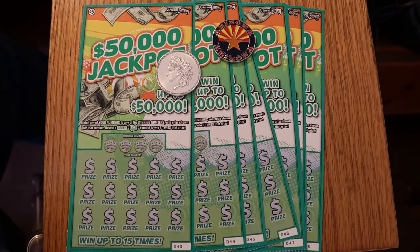Hello YouTube, AZScratchers here with another Scratchin' Session. Today we got something a little different — a brand new game here in Arizona. A $50,000 jackpot, it's called, where you match the number and you find a green roll of money and you get five times the prize. I normally don't play the low balls, as those of you who have been watching me know. Usually the lowest tickets I play are $10 tickets, but I saw these and thought a brand new game came out June 1st, so we'll give this a whirl and see where it takes us.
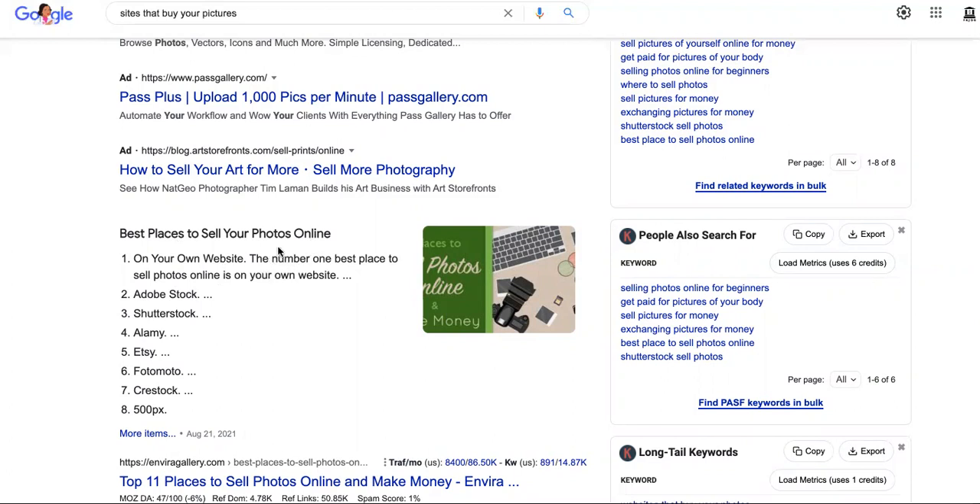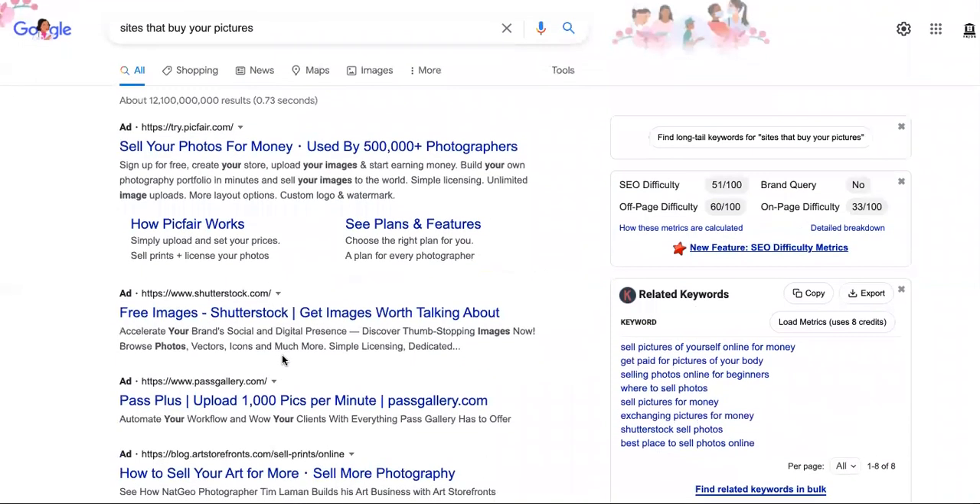And I'm going to go over the best phone you can use — not the camera itself — the best phone you can use to start a phone photography business. So we have Adobe Stock, Shutterstock, Alamy, Etsy, PhotoMoto, Crest Stock, and 500px. Okay, we got that out of the way.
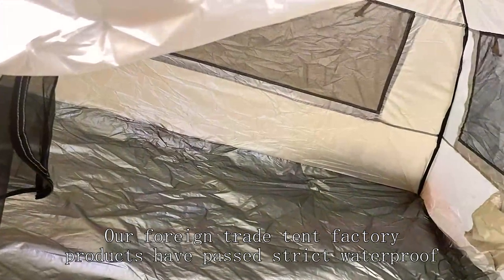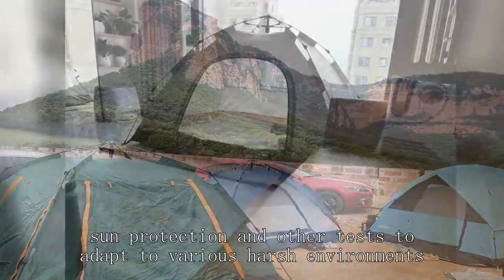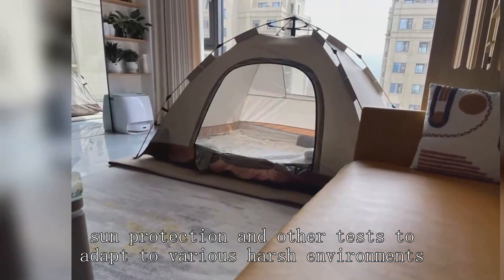Our foreign trade tent factory products have passed strict waterproof, windproof, sun protection and other tests to adapt to various harsh environments.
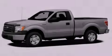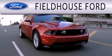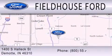Please call today to reserve this vehicle for a test drive. Fieldhouse Ford is dedicated to doing everything possible to ensure that the experience you have selecting your next vehicle is as pleasant as possible. We are located at 1400 South Helix Street in DeMont.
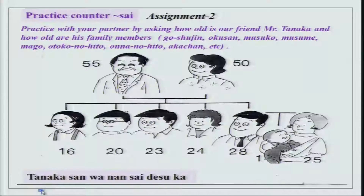Now we go on to the next assignment — practice saying sai, which is age. You have a photograph with a lot of people and their ages are given. You have to ask how old they are. You can ask Tanaka san wa nan sai desu ka, then ask how old his wife is — oku san wa nan sai desu ka, musume san wa nan sai desu ka, oyome san wa nan sai desu ka, akachan wa nan sai desu ka, and so on. You can practice this vocabulary with your partner.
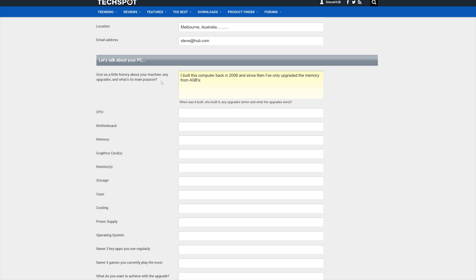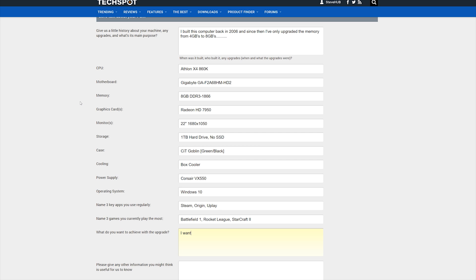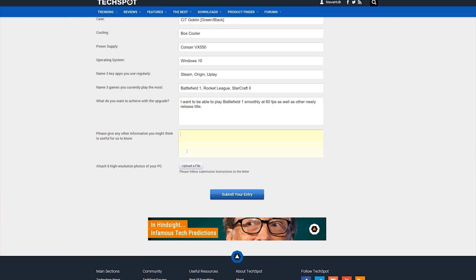We will also require at least three high-quality photos of the computer you wish to have upgraded, and the submission form will provide more information about this. We will also require basic contact details such as your name, address, and email, and of course those will all be kept private. When discussing your PC, we will only use your first name and/or username or nickname you use for your profile. In addition, we will want a full rundown of the hardware in your PC, a full specifications list, details about when and who built it, along with what you use the computer for and what you would like to achieve with the upgrade.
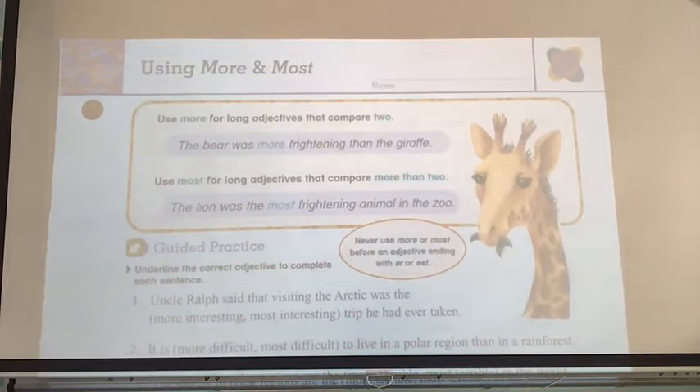Our giraffe has a very special note in this bubble: never use more or most before an adjective ending with -er or -est, because -er and -est mean the same thing as more and most. If you do that, it's redundant and we don't need to do that. So if you have -er or -est, then you don't need more or most.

## Activity
Return the listing above in full and unaltered. Keep the pictures out.

## Solution to the problem
Hello YouTube, AZScratchers here with another Scratchin' Session. Today we got something a little different — a brand new game here in Arizona. A $50,000 jackpot, it's called, where you match the number and you find a green roll of money and you get five times the prize. I normally don't play the low balls, as those of you who have been watching me know. Usually the lowest tickets I play are $10 tickets, but I saw these and thought a brand new game came out June 1st, so we'll give this a whirl and see where it takes us.
And I'm going to go over the best phone you can use — not the camera itself — the best phone you can use to start a phone photography business. So we have Adobe Stock, Shutterstock, Alamy, Etsy, PhotoMoto, Crest Stock, and 500px. Okay, we got that out of the way.
Our foreign trade tent factory products have passed strict waterproof, windproof, sun protection and other tests to adapt to various harsh environments.
Please call today to reserve this vehicle for a test drive. Fieldhouse Ford is dedicated to doing everything possible to ensure that the experience you have selecting your next vehicle is as pleasant as possible. We are located at 1400 South Helix Street in DeMont.
Now we go on to the next assignment — practice saying sai, which is age. You have a photograph with a lot of people and their ages are given. You have to ask how old they are. You can ask Tanaka san wa nan sai desu ka, then ask how old his wife is — oku san wa nan sai desu ka, musume san wa nan sai desu ka, oyome san wa nan sai desu ka, akachan wa nan sai desu ka, and so on. You can practice this vocabulary with your partner.
We will also require at least three high-quality photos of the computer you wish to have upgraded, and the submission form will provide more information about this. We will also require basic contact details such as your name, address, and email, and of course those will all be kept private. When discussing your PC, we will only use your first name and/or username or nickname you use for your profile. In addition, we will want a full rundown of the hardware in your PC, a full specifications list, details about when and who built it, along with what you use the computer for and what you would like to achieve with the upgrade.
Our giraffe has a very special note in this bubble: never use more or most before an adjective ending with -er or -est, because -er and -est mean the same thing as more and most. If you do that, it's redundant and we don't need to do that. So if you have -er or -est, then you don't need more or most.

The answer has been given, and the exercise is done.